In the spirit of Anna‑Leena Siikala’s work, I seek to draw on research into social context and cultural meanings to approach a tradition that has long since receded. Yet unlike Siikala, whose focus lay primarily in ethnographic and historical interpretation, my own inquiry also relies on the experiential knowledge that arises from engaging with music in the present.
In addition, delving into the music of past cultures requires integrating knowledge produced in other disciplines with the act of making music. In this case, such fields include cultural history, folkloristics, archaeology, organology, and—when connected to the event of musical improvisation—also neuroscience (see research).
If the aim is to genuinely understand a person of the past, the existing source material must be examined through a critical lens: what do recordings made a hundred years ago reveal about the collector and the recording situation, and what do they leave unsaid about the tradition bearer?
It is also essential to remember that every musician’s experience is—and always has been—deeply individual, regardless of the era. I will never receive an answer to the question that continues to circle in my mind: “What do you think about when you play?” Most of the masters of the Karelian kantele tradition have vanished into history without a trace.
In the article, I also address the challenges faced by a modern‑day musician when working with the surviving fragments of information and the melody transcriptions preserved in archives; the incomplete notations offer only a blurred glimpse of moments surrounded by a wealth of details that remain invisible on the page, and by an ever‑shifting flow of music intertwined with its cultural meanings.
From a musician’s perspective, no notation can convey the essence, content, structures, progression, or cultural meanings of this tradition — the music itself.
The newly published article focuses on one small area of the Karelian kantele tradition: church bell imitations.
Because the name Valamo appears in the titles of several recorded tunes, the article examines the relationship between Karelians and the Valamo Monastery over the course of several centuries.
Despite the nearly thousand‑year influence of the Orthodox Church in the Karelian region, it seems likely that the church bell imitations played by border‑Karelian kantele players originated during the nineteenth century, with some taking shape only at the turn of the twentieth century. They are therefore probably no older than many of the dance tunes that were notated in the same period.
However, church bell imitations carry social and cultural meanings that reach back to folk religion and sacred traditions.
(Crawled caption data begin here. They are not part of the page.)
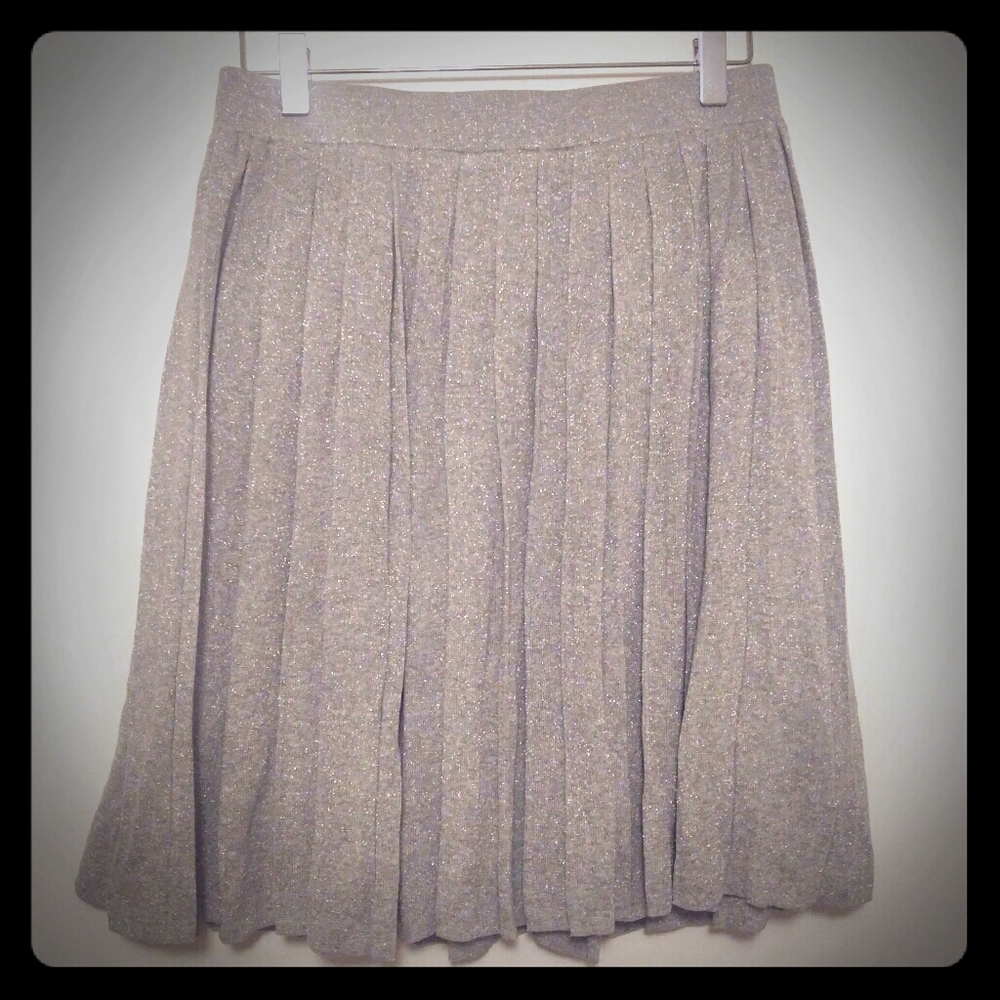 COPY - Club Monaco knit silver pleated skirt, size m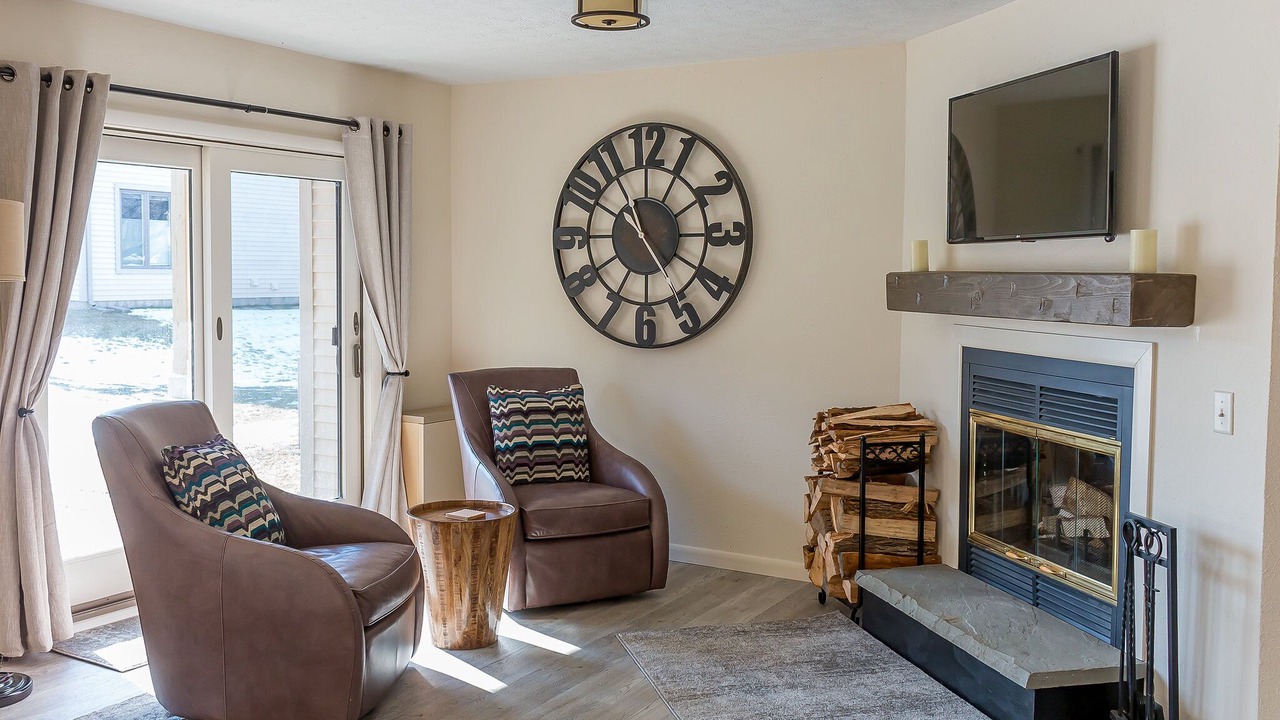 Photo of Livingroom in Canandaigua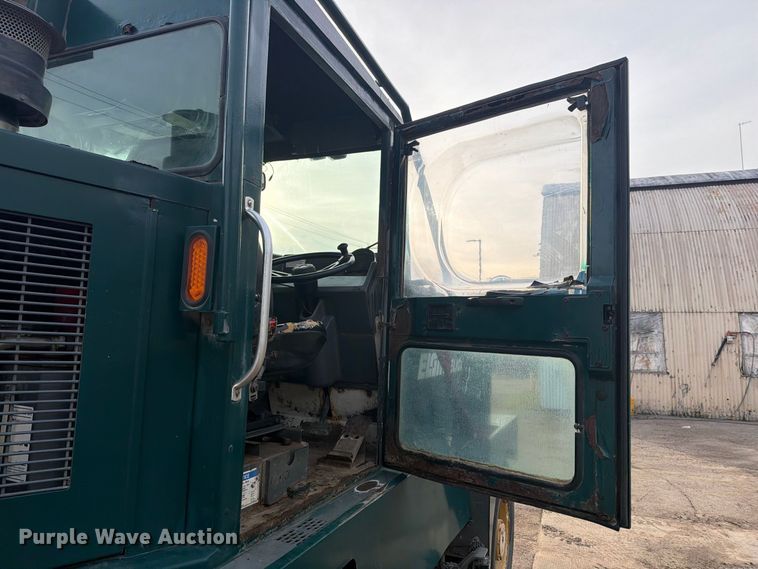 image for item FJ0538 2006 Elgin Pelican Series P street sweeper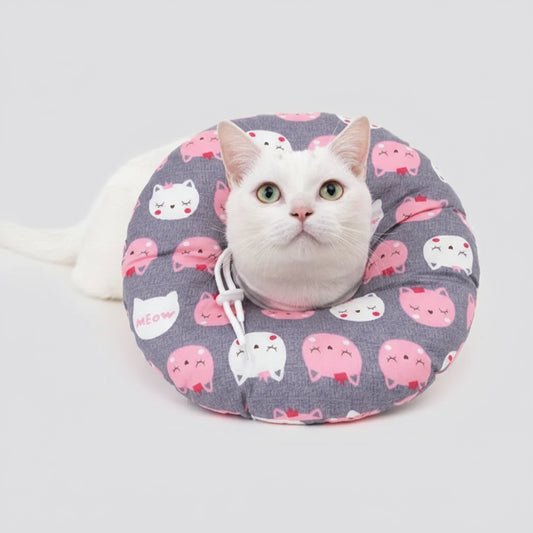 Collerette réglable pour chat avec motif amusant et doux pour un confort optimal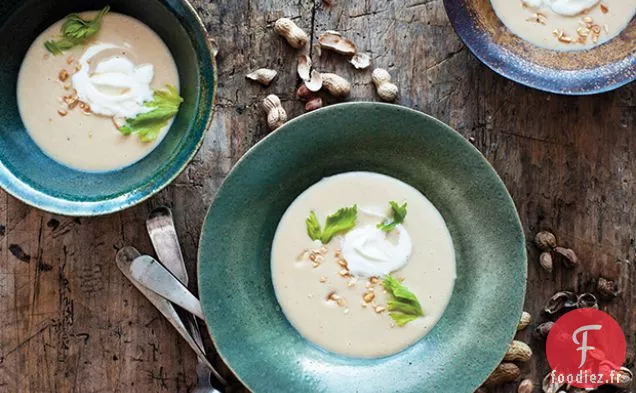 Soupe d'Arachides Rôties à la Crème Fouettée au Miel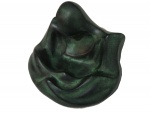 Escultório em cerâmica patinada de verde representando figura feminina, Com. 16, Alt. 11 cm. Este lote encontra-se em Nogueira.
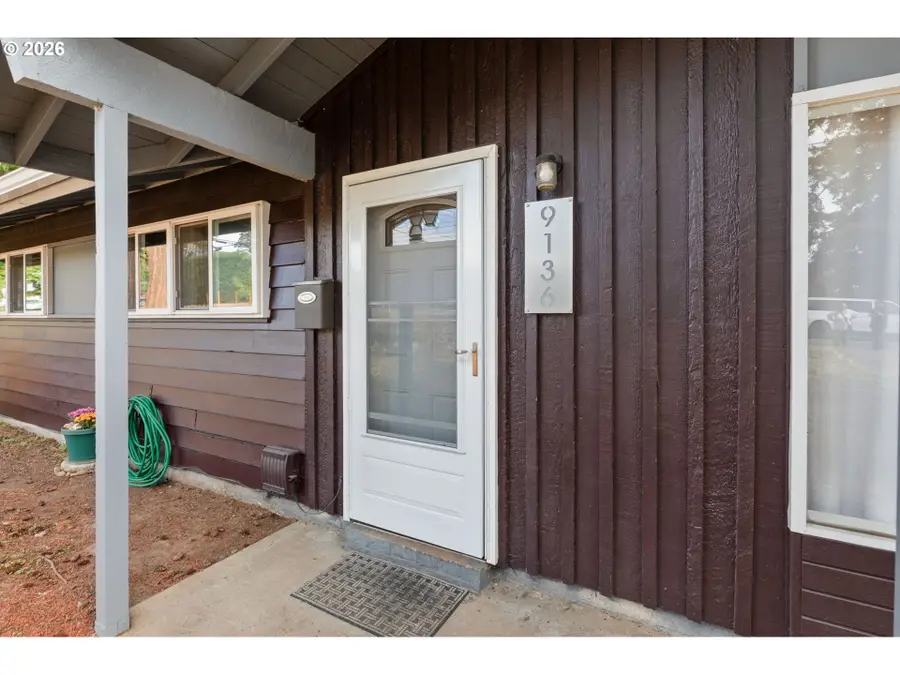 9136 SE Steele St, Portland, OR 97266 - #3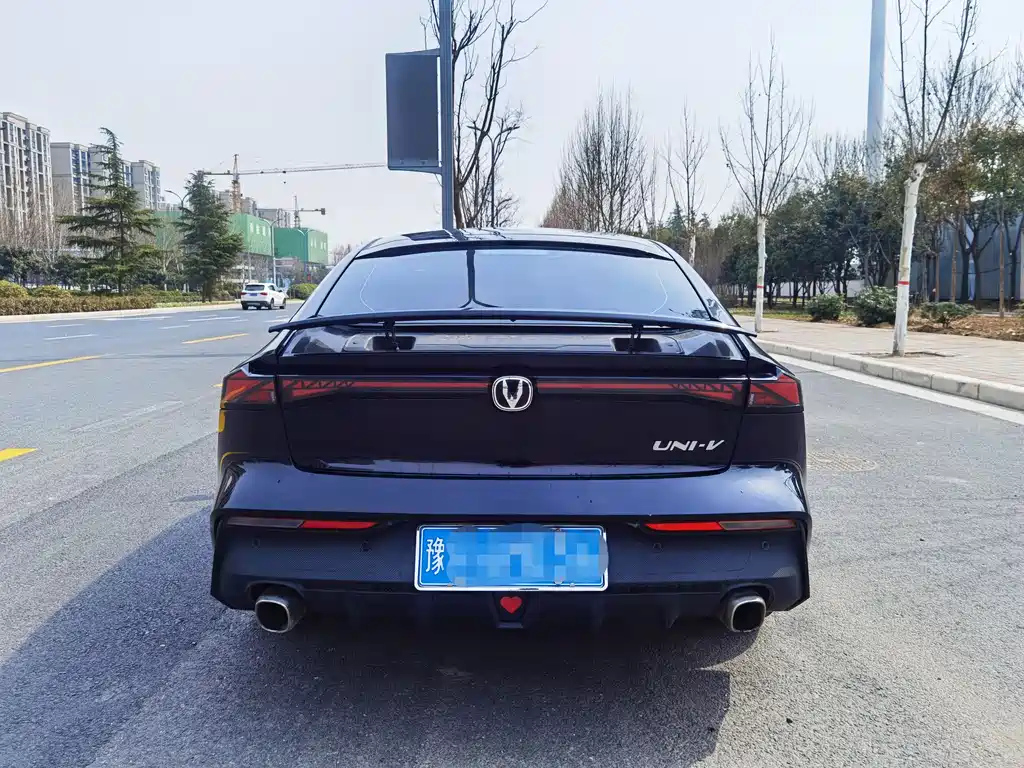 CHANGAN UNI-V 2023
For example, the sound and playing of the kantele are linked to ancient beliefs, just as the saints of the Orthodox Church are connected to the spiritual beings of those beliefs.
They are also linked to the complex and evolving relationship of the Karelians with monasteries, as well as to the way the very nature of the music is connected to earlier scales and modes of musical thought.
Understanding these connections has helped bridge the gap between a lost community and the preconceptions shaped by our thinking, which is grounded in the aesthetics of Western musical culture.
Bridging this divide fosters a deeper appreciation of the tradition’s centuries‑old connections and the ongoing evolution of its music. This is achieved not by clinging to inadequate musical notations, but by internalising the music’s essence and embracing the power of improvisation and lived musical experience.